===== Data for analysis =====

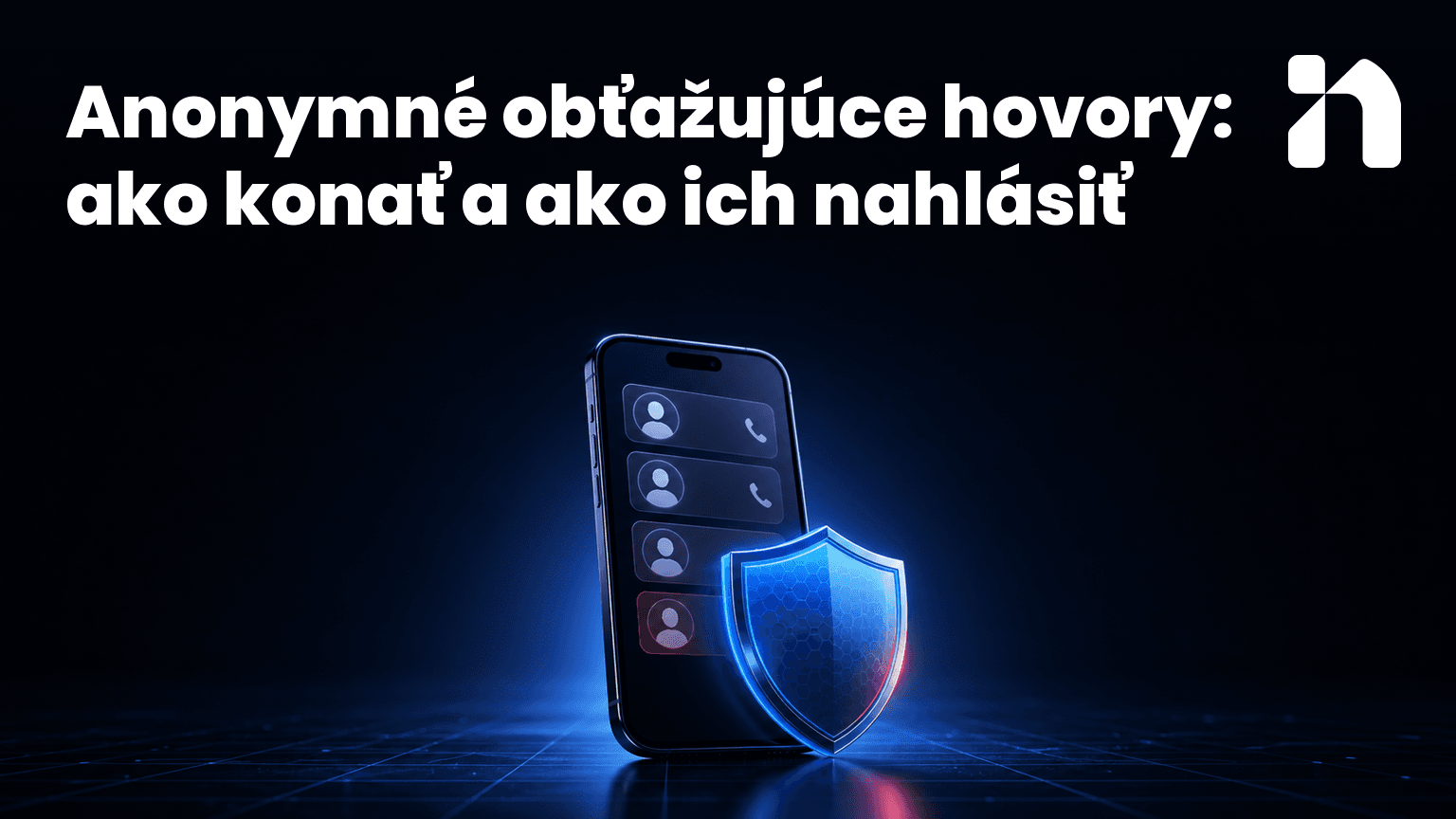 Anonymné obťažujúce hovory: ako konať a ako ich nahlásiť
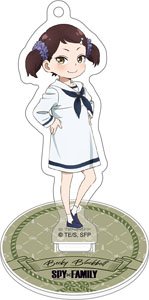 Spy x Family Acrylic Stand Key Ring Becky (Anime Toy)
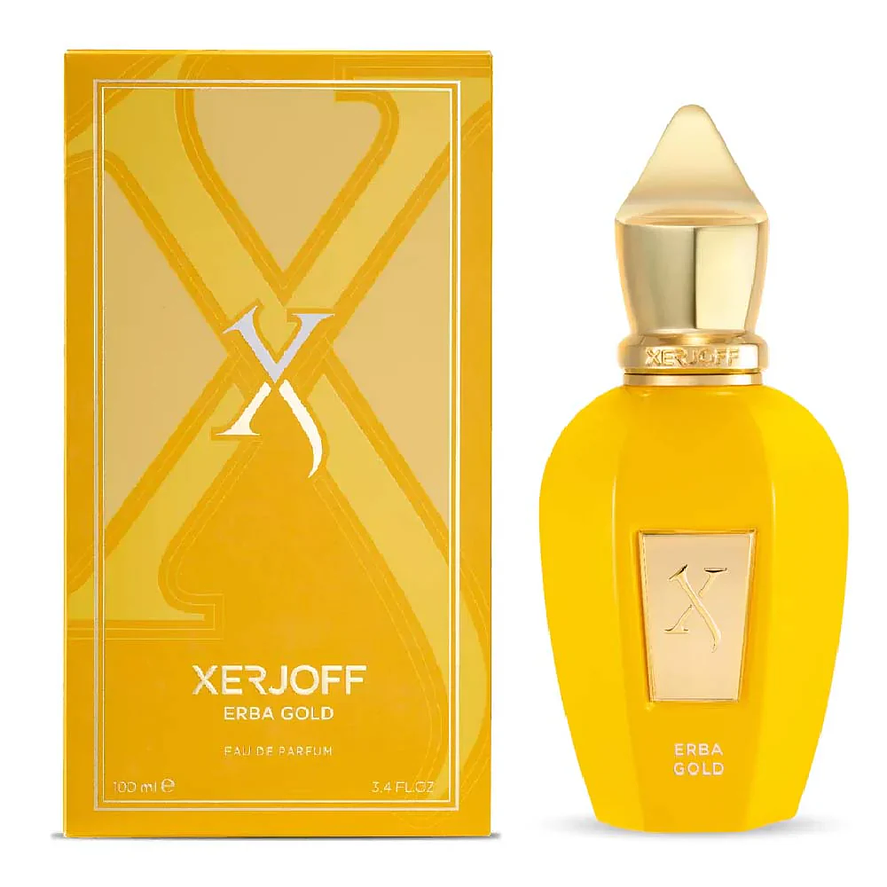 Xerjoff Erba Pura Gold Edp 100ml Unisex 2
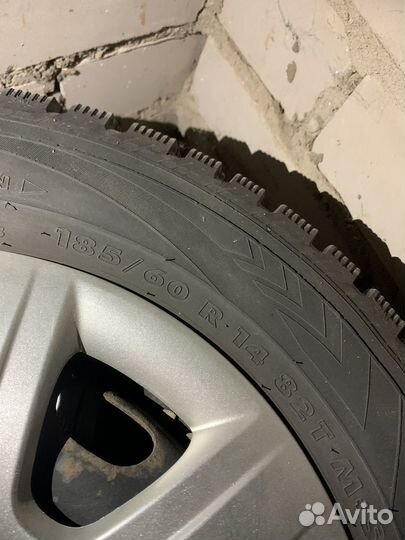 Cordiant Snow Cross 185/65 R15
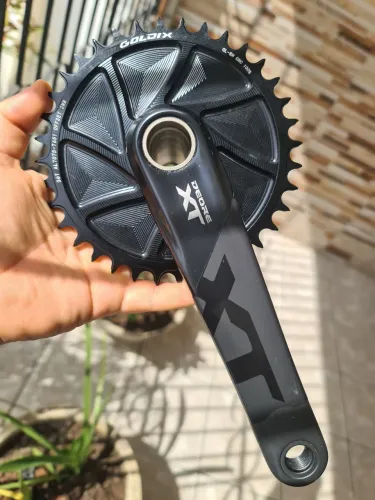 Pedivela shimano deore xt m8200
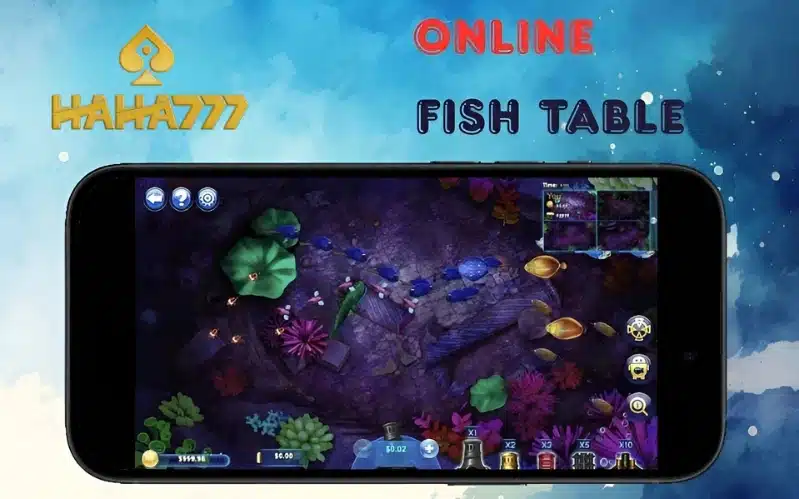 Fish Table Casino Games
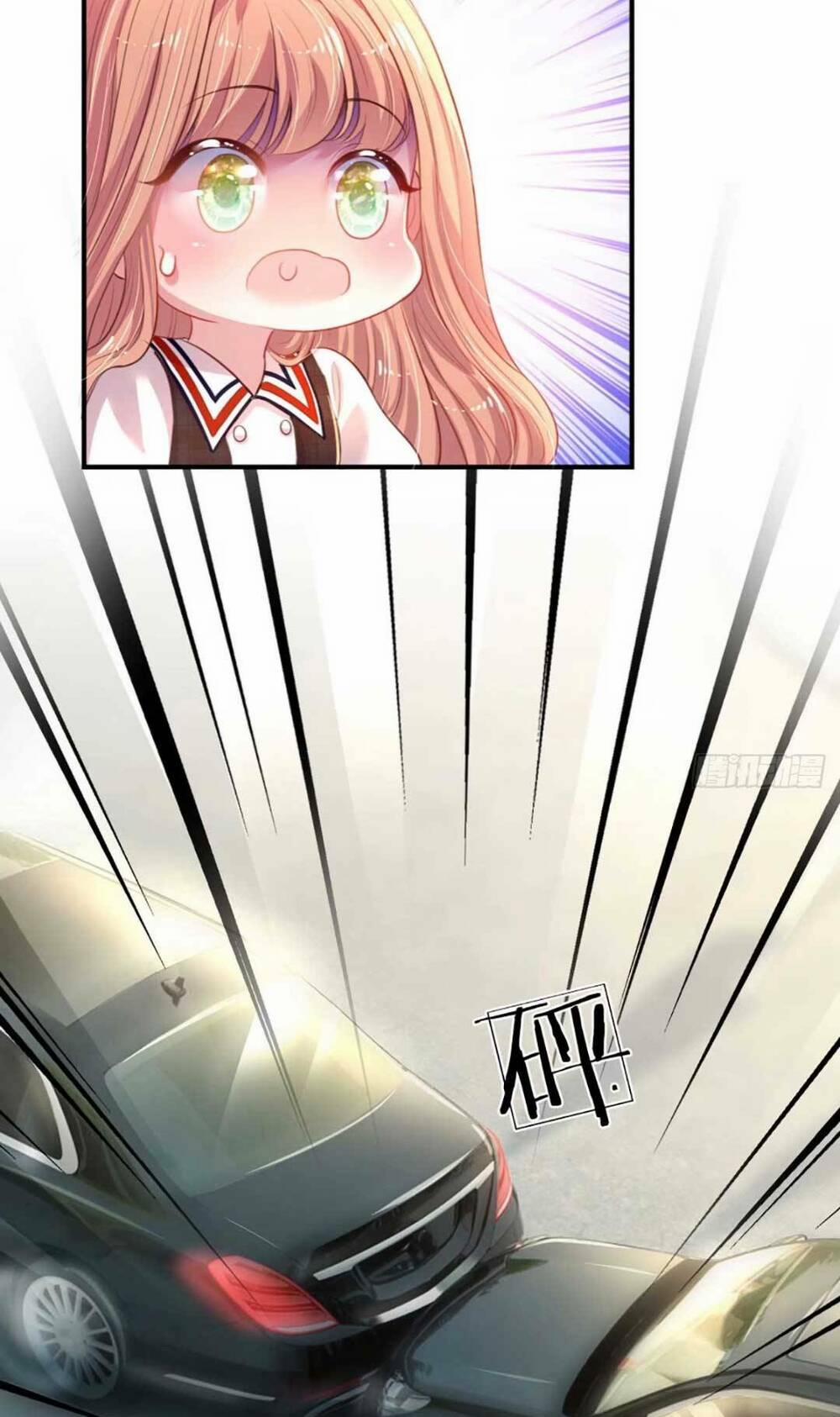 Ta Có Con Với Đại Boss 1 trang 19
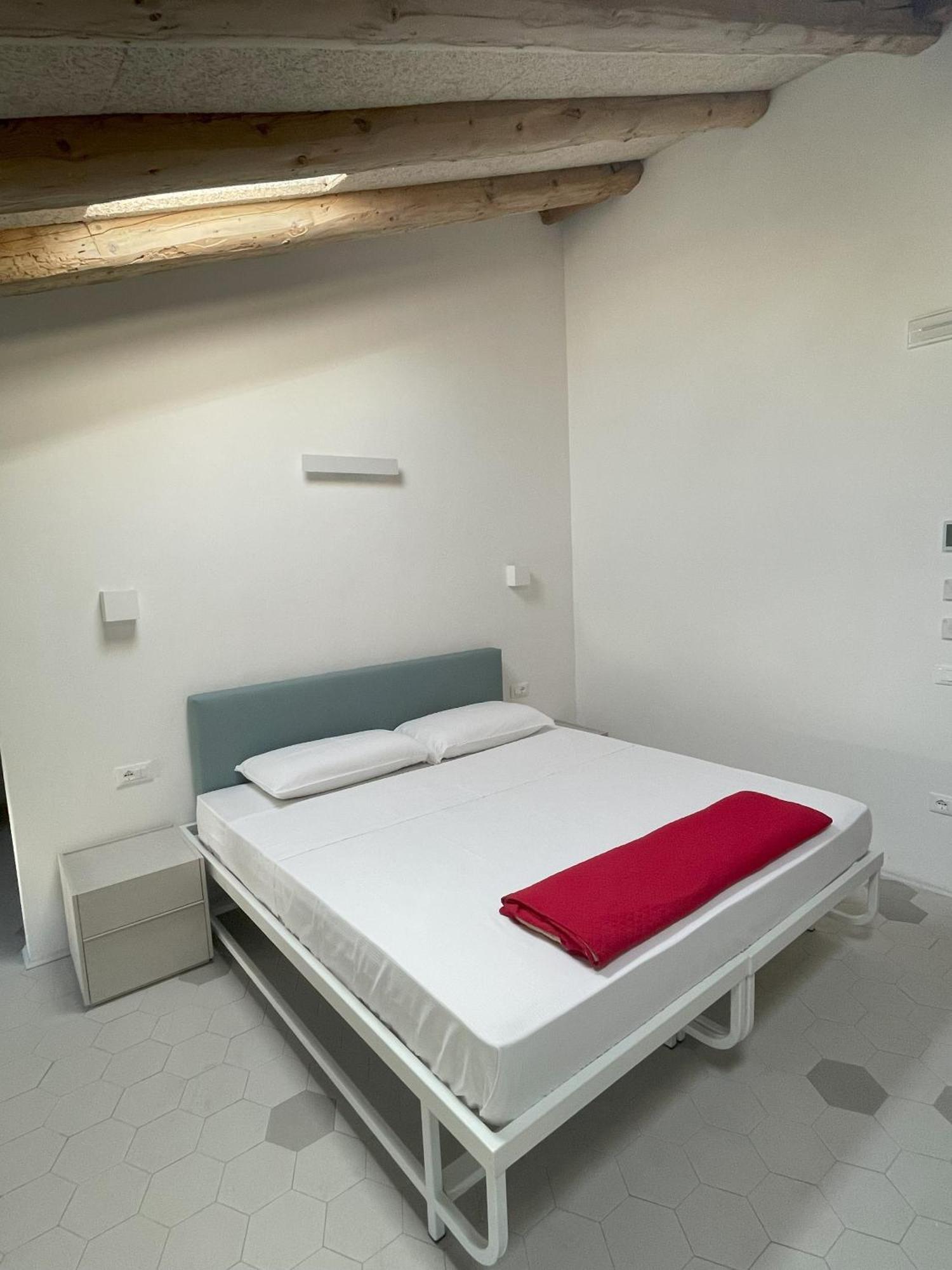 Casali Hostel Trieszt Kültér fotó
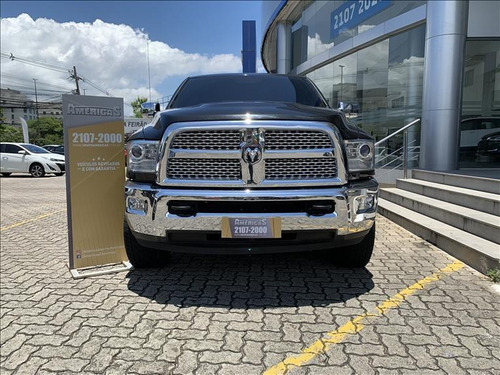Dodge Ram 6.7 2500 Laramie 4x4 Cd I6 Turbo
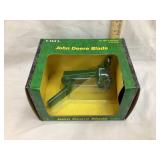 Ertl John Deere Blade, 1:16 Scale, NIB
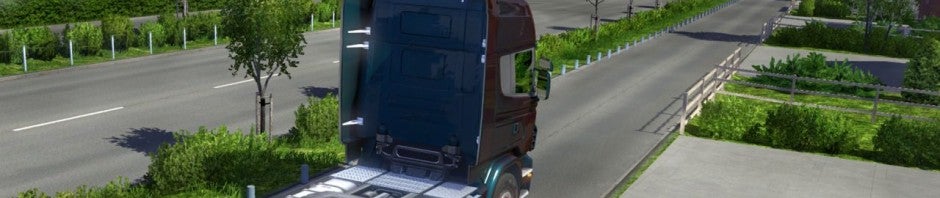 Zobacz zrzuty ekranu z Driving The North – nowego DLC dla Euro Truck Simulator 2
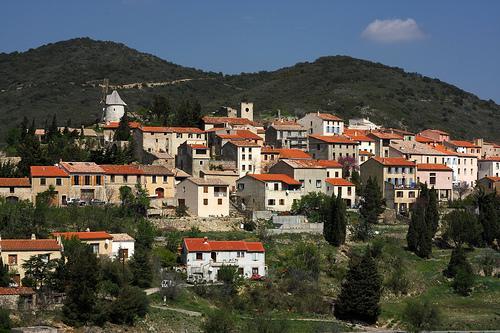 Ecurie De Cucugnan Bed & Breakfast Bagian luar foto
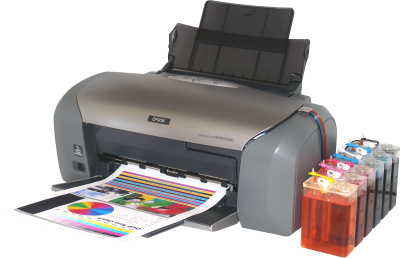 How to refill an inkjet printer: important points, step-by-step instructions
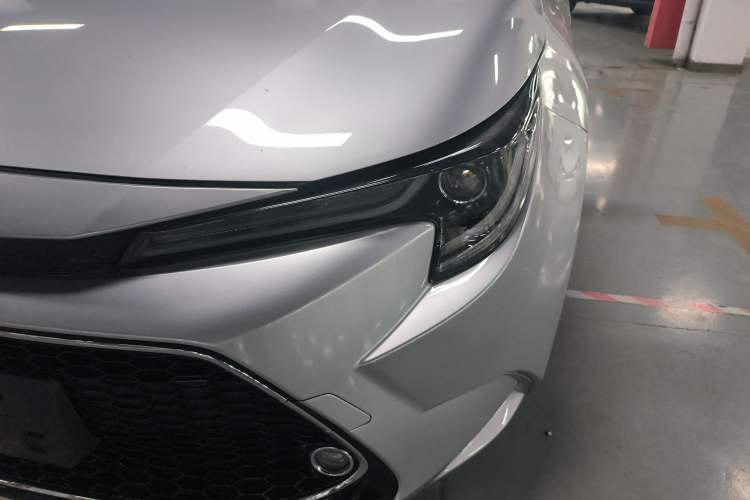 Used Toyota Levin 2019 185T CVT Sport Edition China VI Standard Left Front Headlight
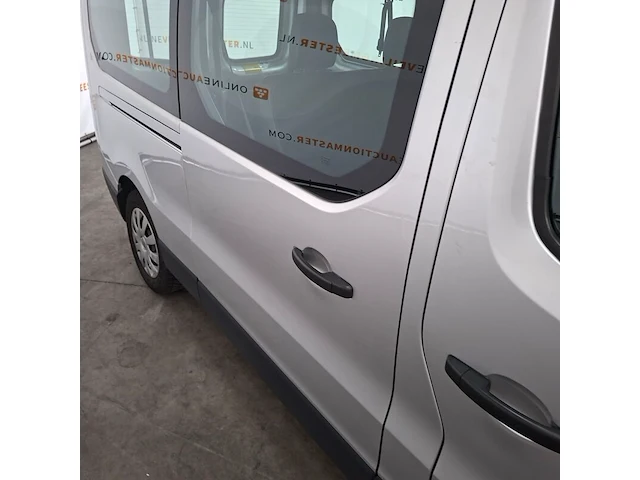 Personenbus, renault, trafic 2.0 dci, 2020 - afbeelding 55 van  56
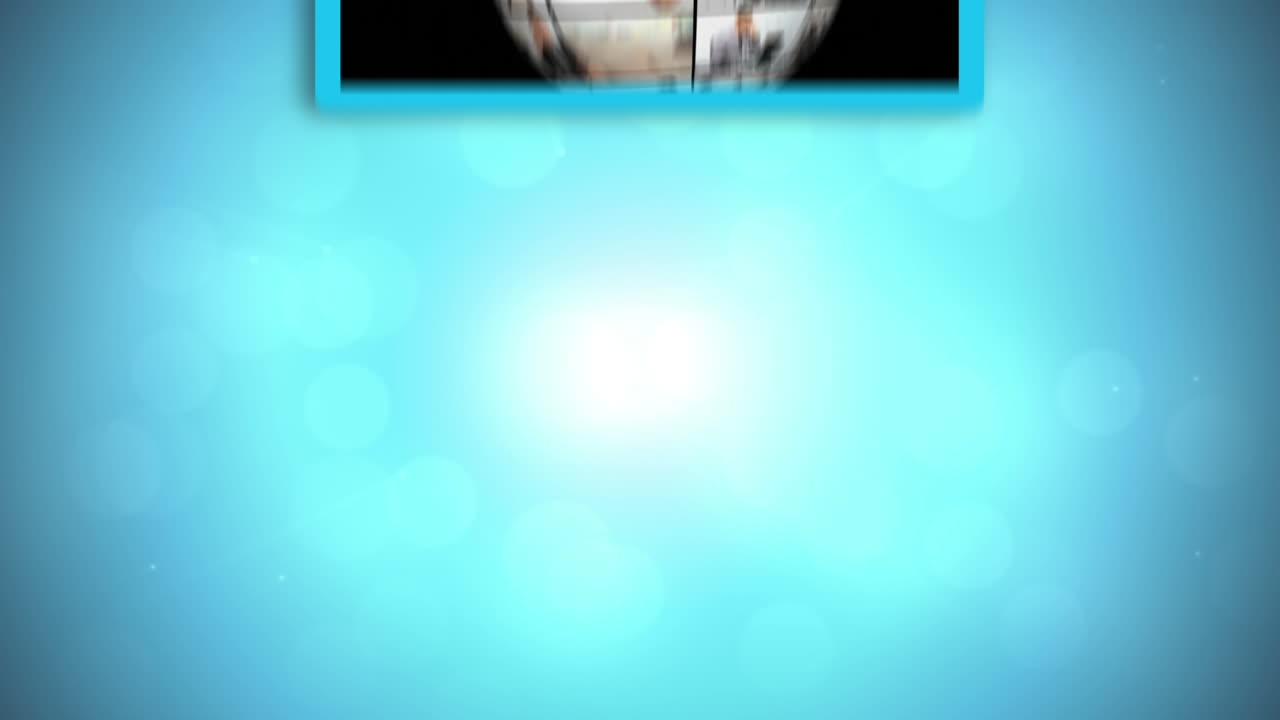 흑인 손이 전 세계 커뮤니케이션 비디오를 배치하고 이동합니다.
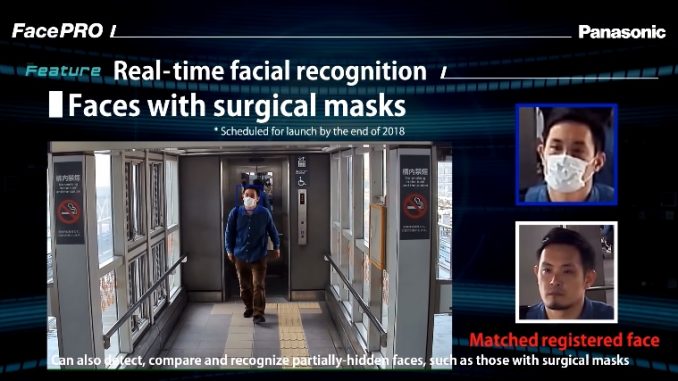 Reconocimiento facial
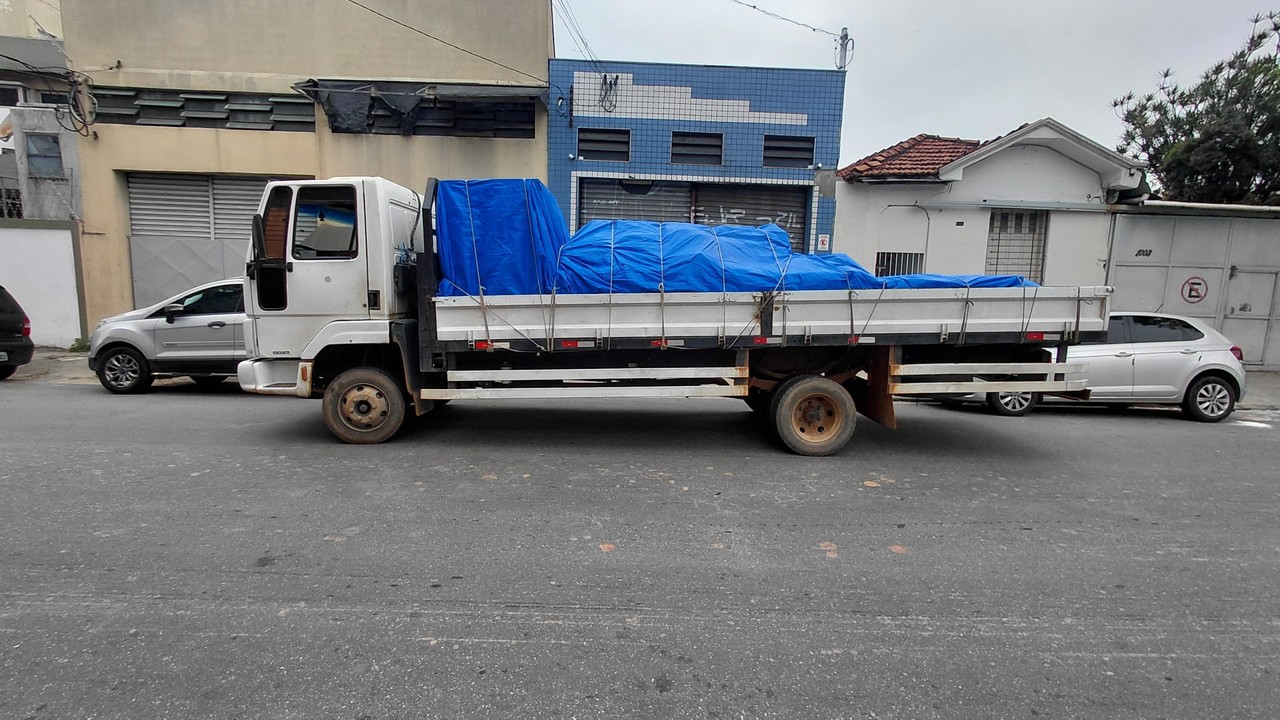 Ford Cargo815 - 08/09 4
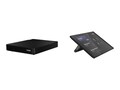 Lenovo ThinkSmart Core for Microsoft Team Rooms vPro Core i5-1145G7E 1.5GHz 16GB 256GB SSD ax BT 10.1 MT, 11LR000BUS, 41718647, Video Conference Room Hardware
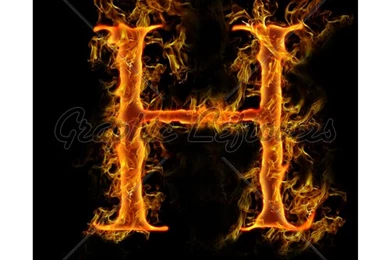 Browse Wallpapers By Smoke Letter H Category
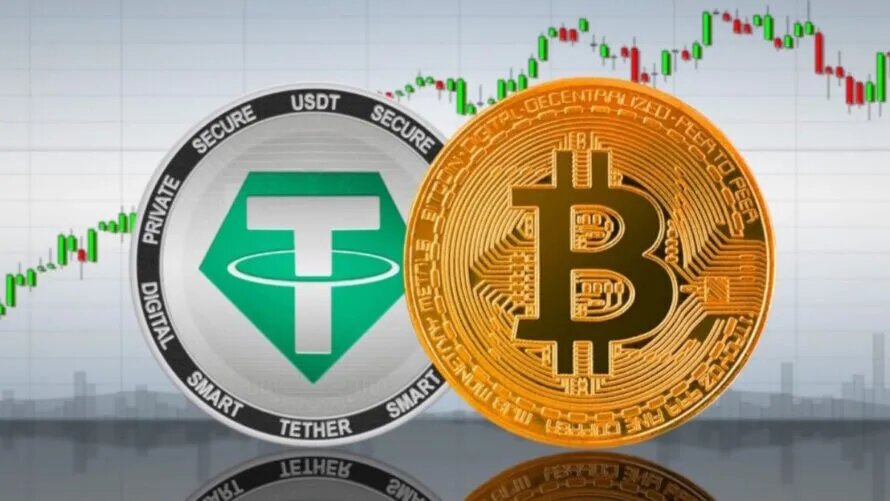 قیمت بیت‌کوین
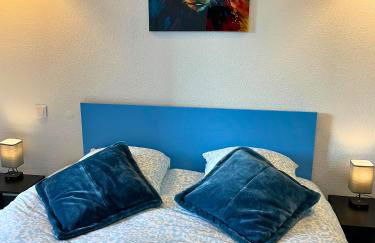 Tanière Bleue - OFFER - Clim - Wifi - Foto 18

=====

▶ What you need to do
The lines to be quoted run from the line containing "Reconocimiento facial" through the end of the entries above, both included; quote them exactly and leave out any pictures.

▶ Task output
 Reconocimiento facial
 Ford Cargo815 - 08/09 4
 Lenovo ThinkSmart Core for Microsoft Team Rooms vPro Core i5-1145G7E 1.5GHz 16GB 256GB SSD ax BT 10.1 MT, 11LR000BUS, 41718647, Video Conference Room Hardware
 Browse Wallpapers By Smoke Letter H Category
 قیمت بیت‌کوین
 Tanière Bleue - OFFER - Clim - Wifi - Foto 18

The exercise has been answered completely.